On a warm summer evening, Lena Prima sat on one of the lower rungs of show biz and reminisced about her father, who dwelt at the very top of the ladder. “When you’re the child of a celebrity, you think other kids’ lives are like yours,” Prima said. “You take it for granted that, at a posh place like Scoma’s in San Francisco or Dante’s down in Florida, headwaiters whisk you around a line of people waiting for tables.”

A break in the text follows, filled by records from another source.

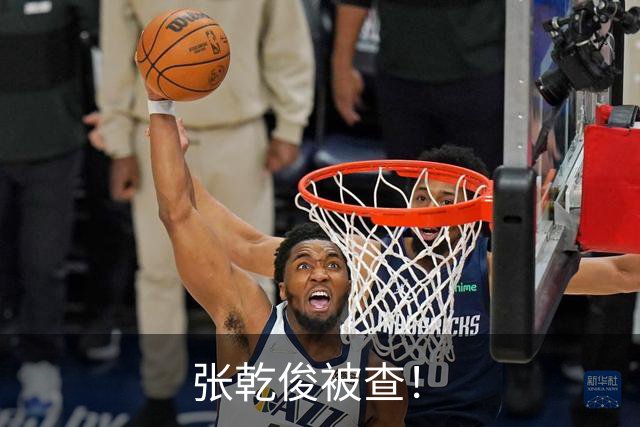 张乾俊被查！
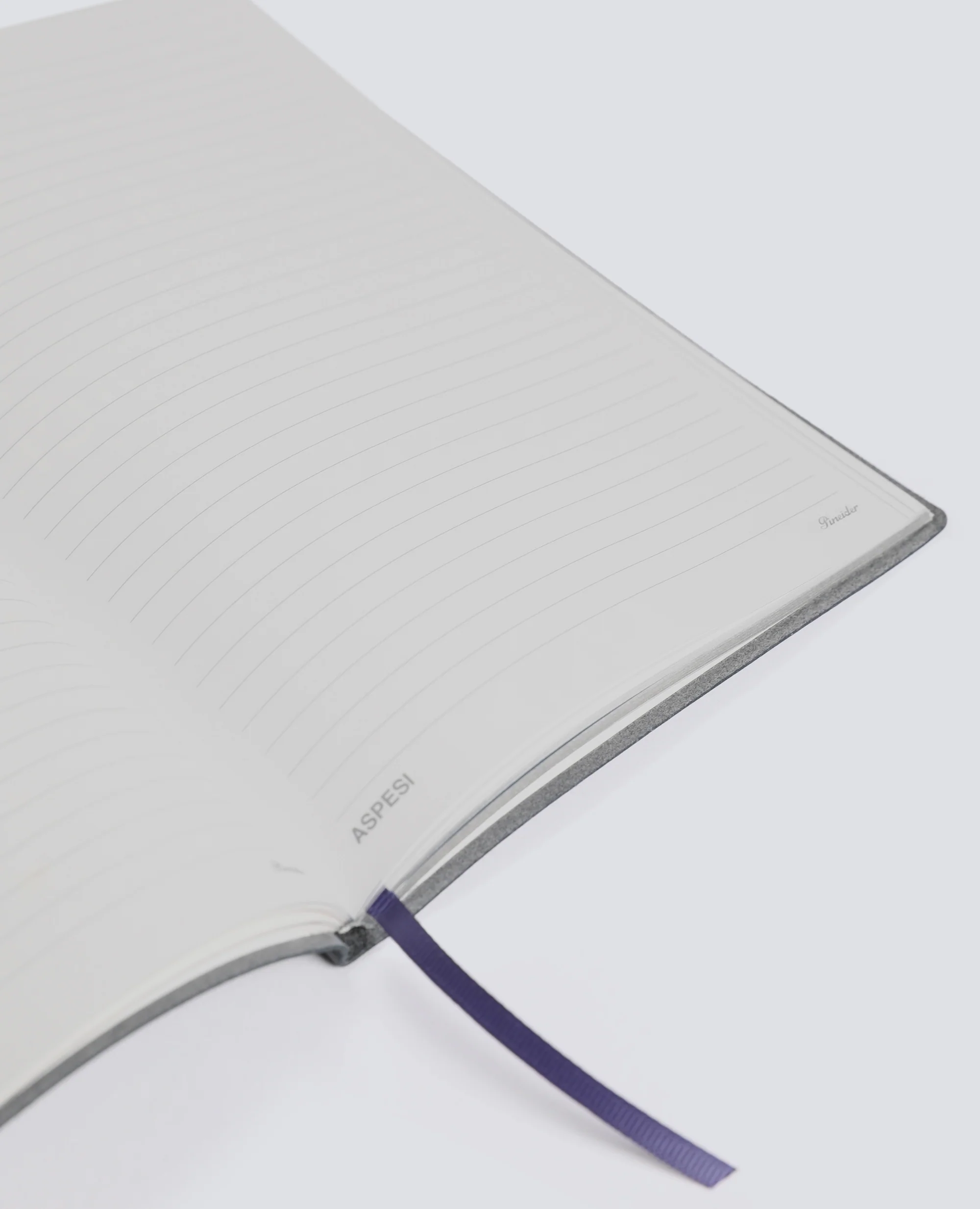 NOTEBOOK "NOT THIS YEAR" PINEIDER 1774 X ASPESI - BLU - Image 3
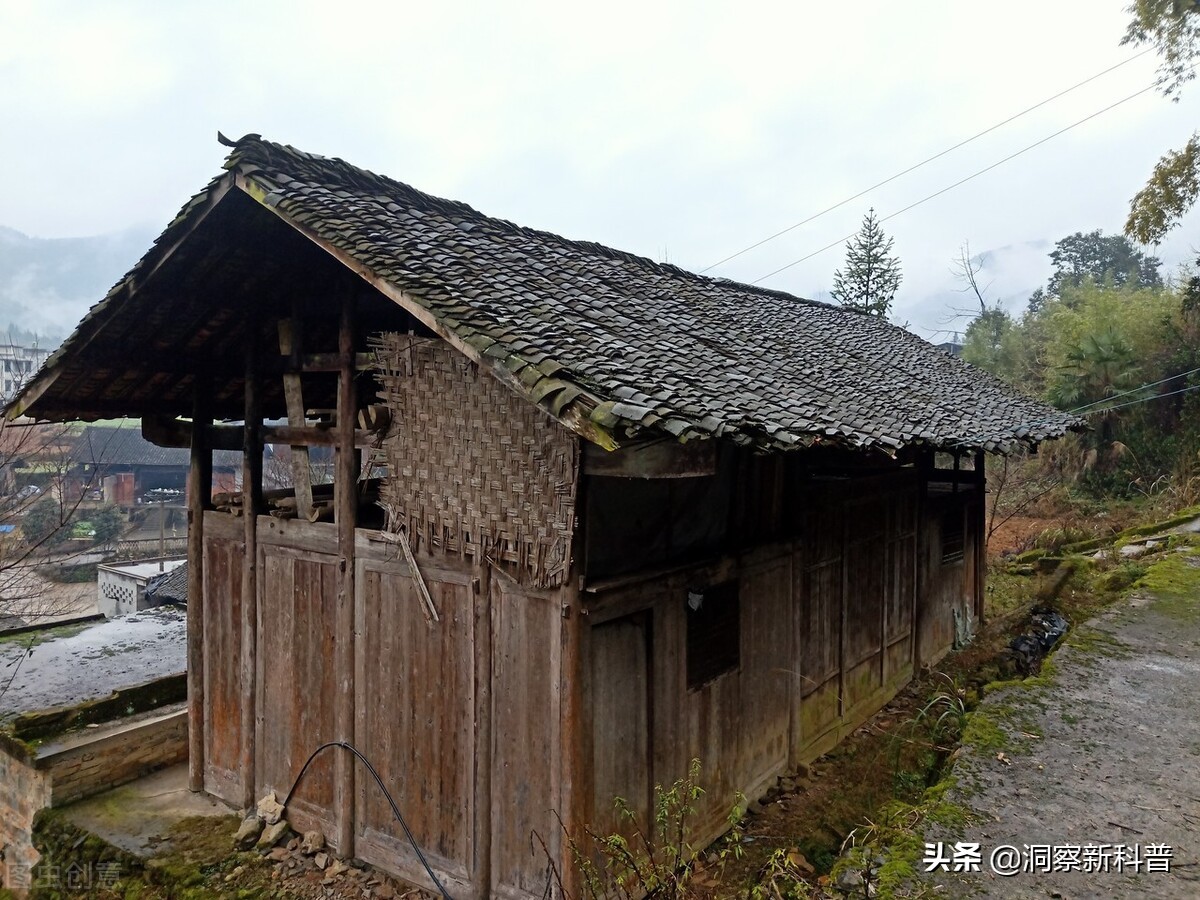 乡村小楼半夜“闹鬼”，全村上下人心惶惶，专家前来揭开真相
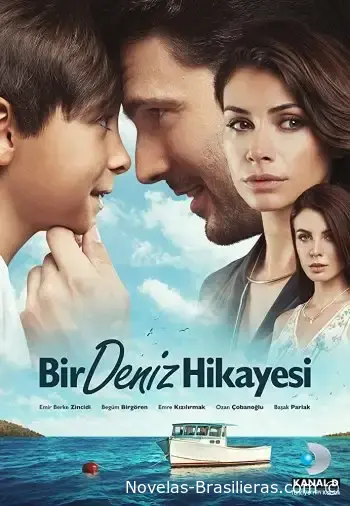 История Дениза (2015) постер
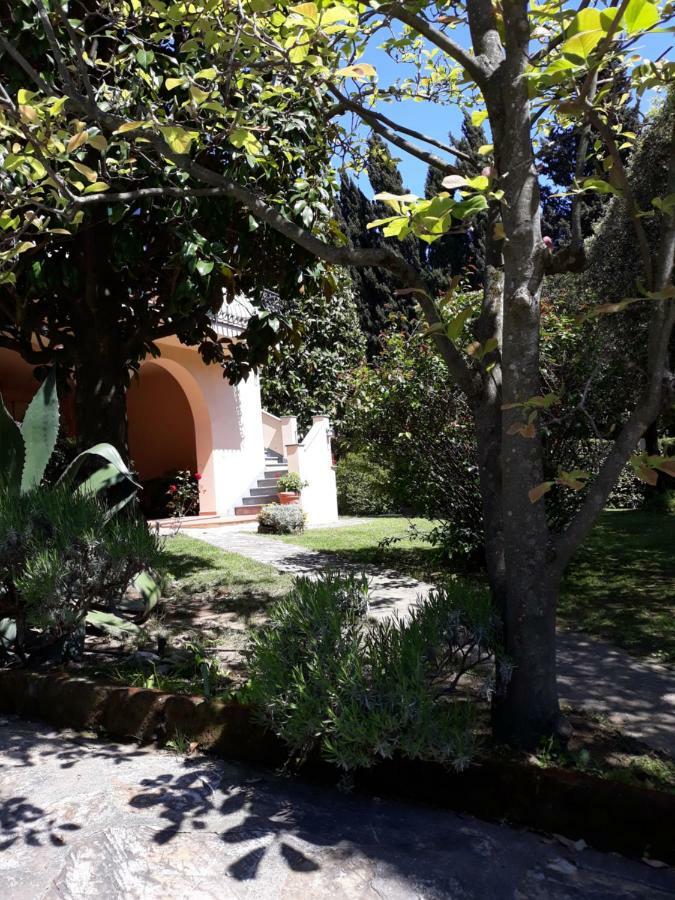 Villa Emma I Lecci Quiesa Εξωτερικό φωτογραφία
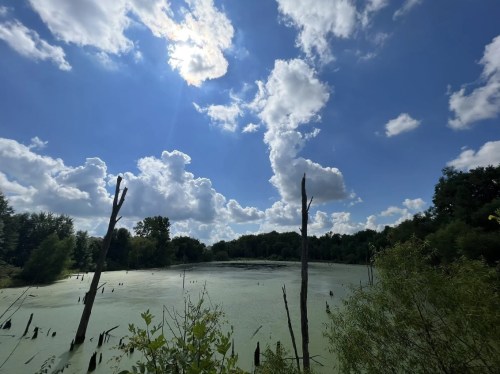 A serene pond surrounded by trees, with tall, bare stumps and a bright blue sky dotted with fluffy clouds.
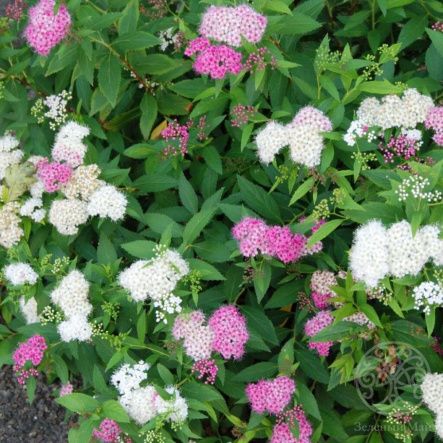 Спирея Генпей японская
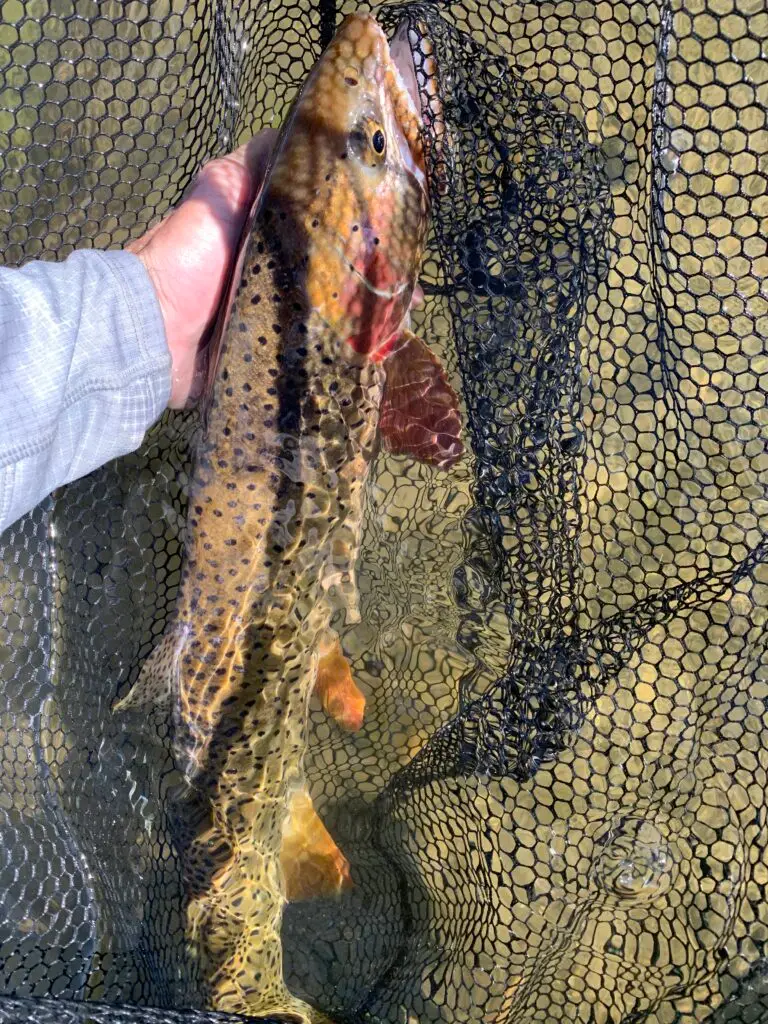 pesca trucha degollada en USA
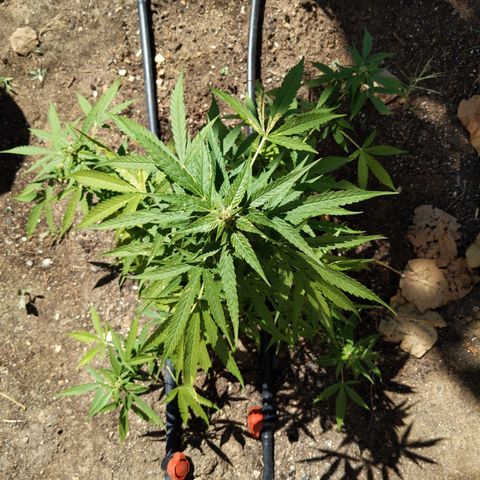 Super Skunk Autoflower growlog timeline photo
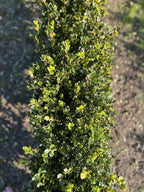 RedCrocus Green Gem' Hybrid Boxwood- Evergreen Shrub for Hedges & Borders, Deer Resistant, Pet Safe, Container Friendly, Well-Drained Soil, Easy Care 1 Gallon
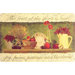 Cushion Comfort Fruitful Journey Mat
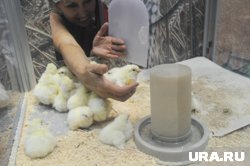 Уже летом первая партия мяса кур может поступить в розничную сеть Лабытнанги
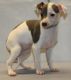 Italian Greyhound Puppies for sale in San Antonio, TX, USA. price: NA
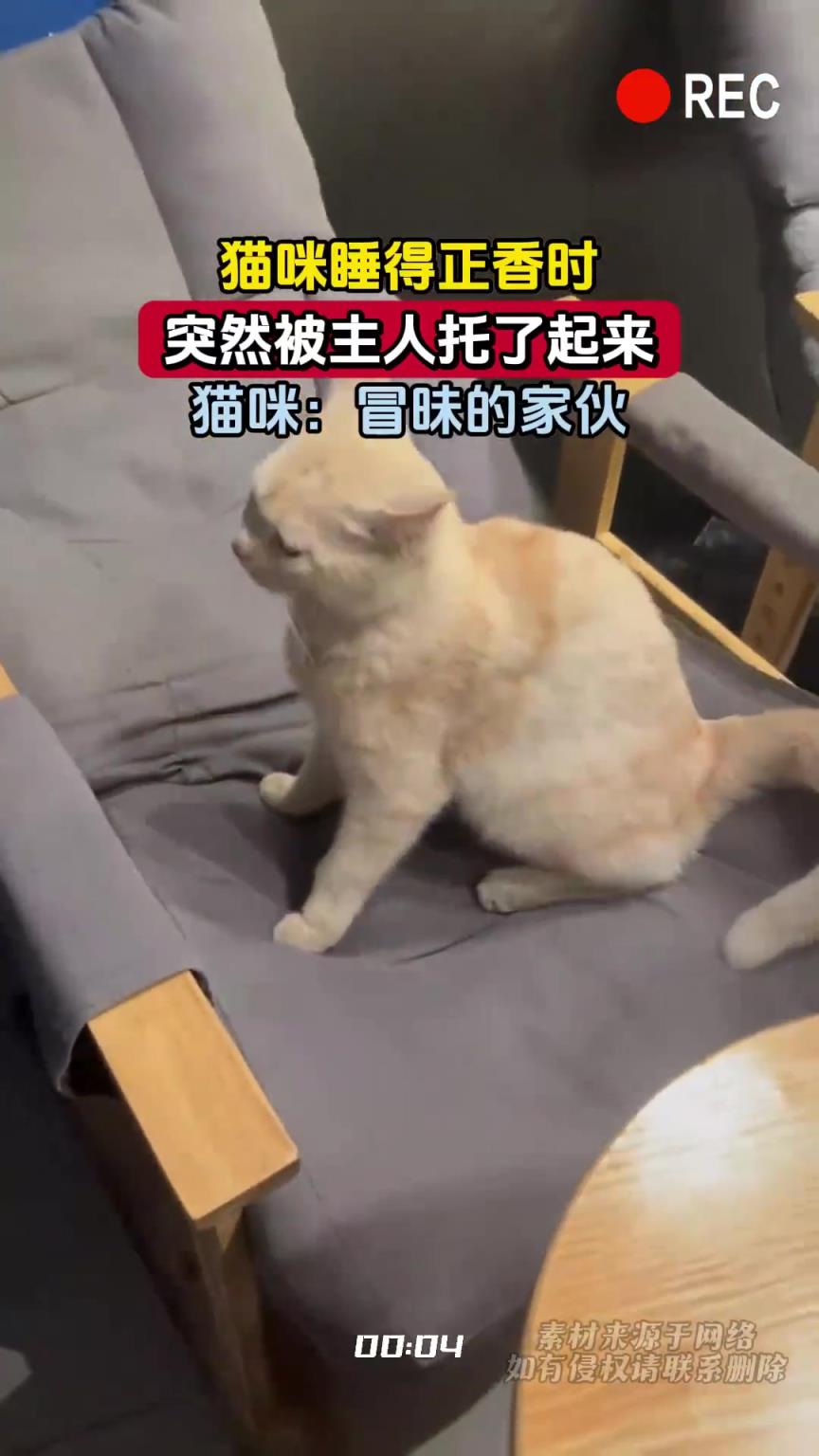 猫咪睡得正香时，突然被主人托了起来，猫咪：冒昧的家伙
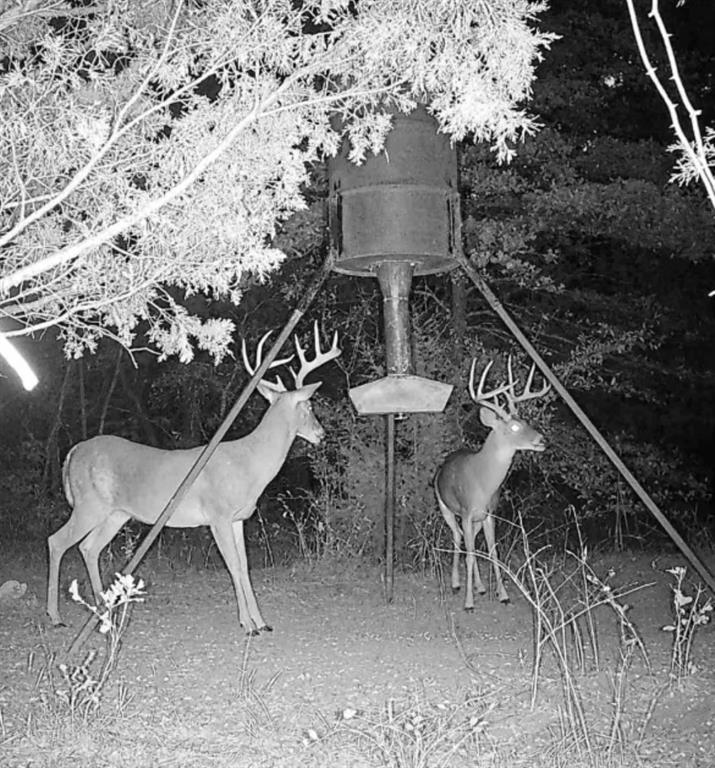 L.B.Ham A-G0554 - Land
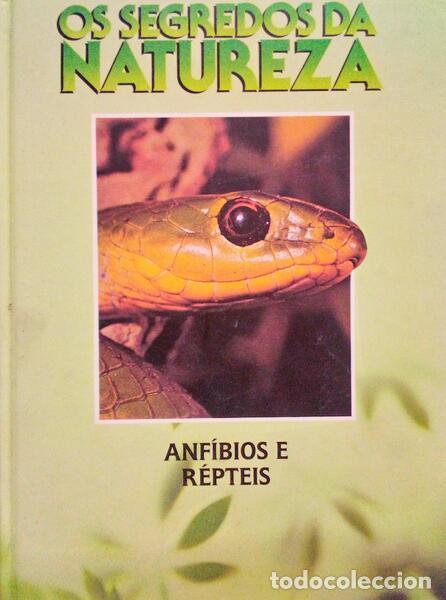 Libros antiguos: ALONSO. (Josefa) - ANF&Iacute;BIOS E R&Eacute;PTEIS. - Foto 1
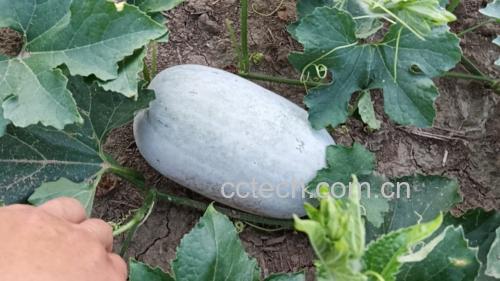 虫草冬瓜炖汤成品图 虫草冬瓜炖汤成品图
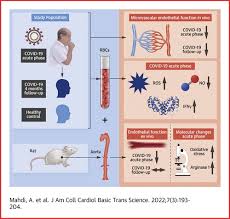 Erythrocytes Induce Vascular Dysfunction in COVID-19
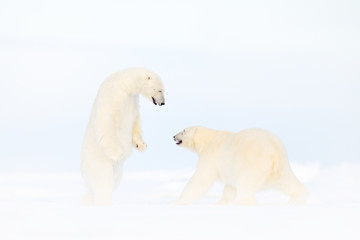 polar bear dancing fight on the ice. two bears love on drifting ice with snow, white animals in natu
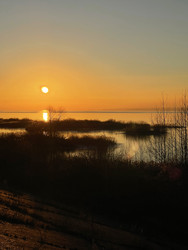 Similar image 22249181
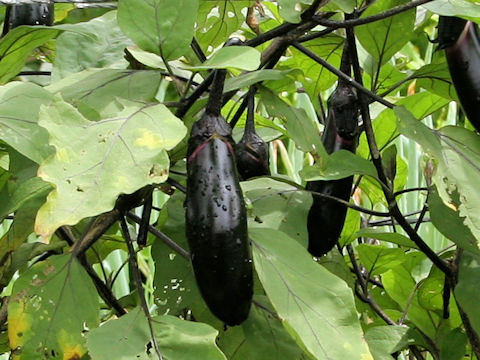 Solanum melongena cv. Daikokuden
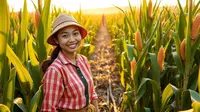 Ciri-Ciri Tumbuhan Jagung dari Akar, Batang, hingga Bijinya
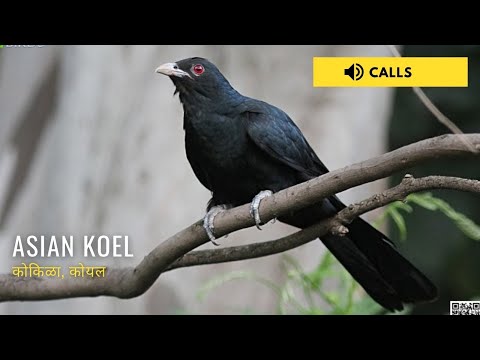 Asian Koel Singing | Nature Web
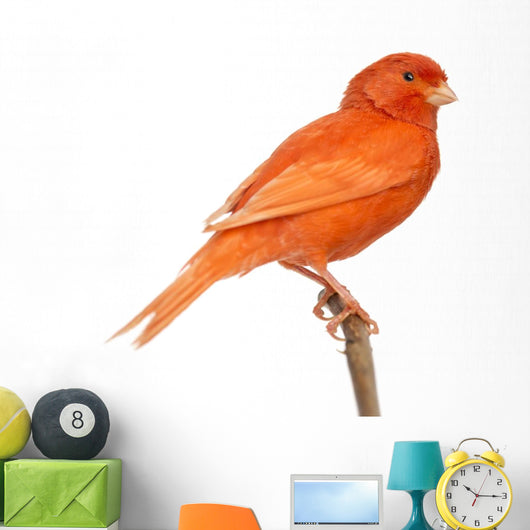 Red Canary Perched on a Branch Wall Decal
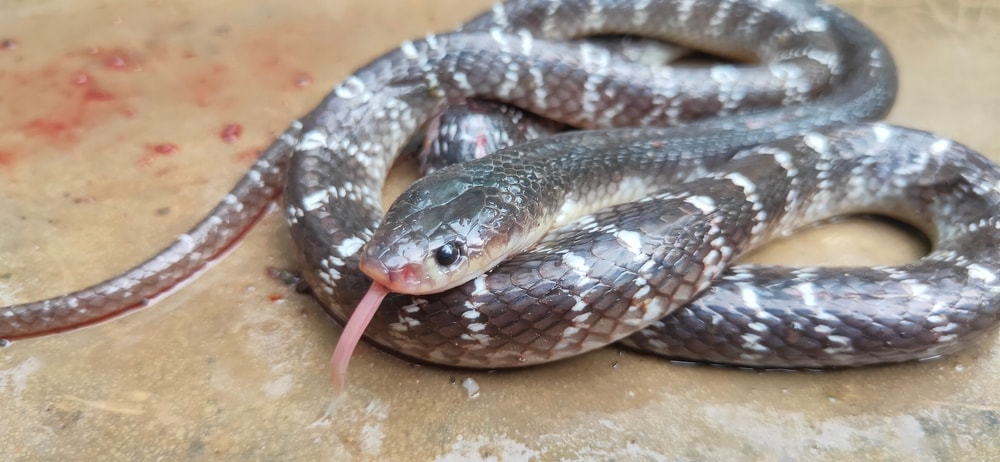 The Most Venomous Snakes On Planet Earth Today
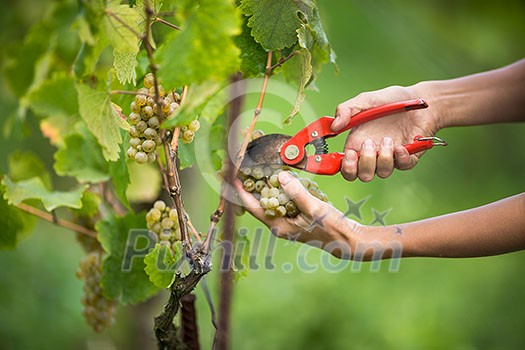 Hands of a female vintner harvesting white vine grapes (color toned image) Hands of a female vintner harvesting white vine grapes (color toned image)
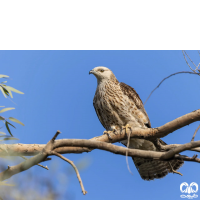 گونه سارگپه تاجدار Crested Honey Buzzard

Her dressing room on this evening was a construction trailer parked behind a temporary stage set up in the middle of South Oakley Avenue, the main artery of a tiny Italian American enclave on Chicago’s Southwest Side. She was stitching a seam in her costume that split the last time she performed her act--a reprise of the life and times of her father, Louis Prima. In the 1940s and ‘50s, the exuberant trumpet player with the raspy, street-corner singing voice was a top recording star and perennial headliner in Las Vegas and on television.

For this street fair on Oakley Avenue, folding chairs had been set up, curb to curb. The rows stretched back past Miceli’s Deli and Food Mart and underneath a storefront marquee announcing the offices of Maurice D. Russo, DDS. The last vacant seat was taken long before Lena Prima was scheduled to go on. The audience, mainly older folks who live or used to live nearby, gave polite attention to a miscellany of other acts. But clearly most people were patiently waiting for Lena. More precisely, they were waiting for her to temporarily transform herself into him--and transport them, their old neighborhood and America back to a simpler age.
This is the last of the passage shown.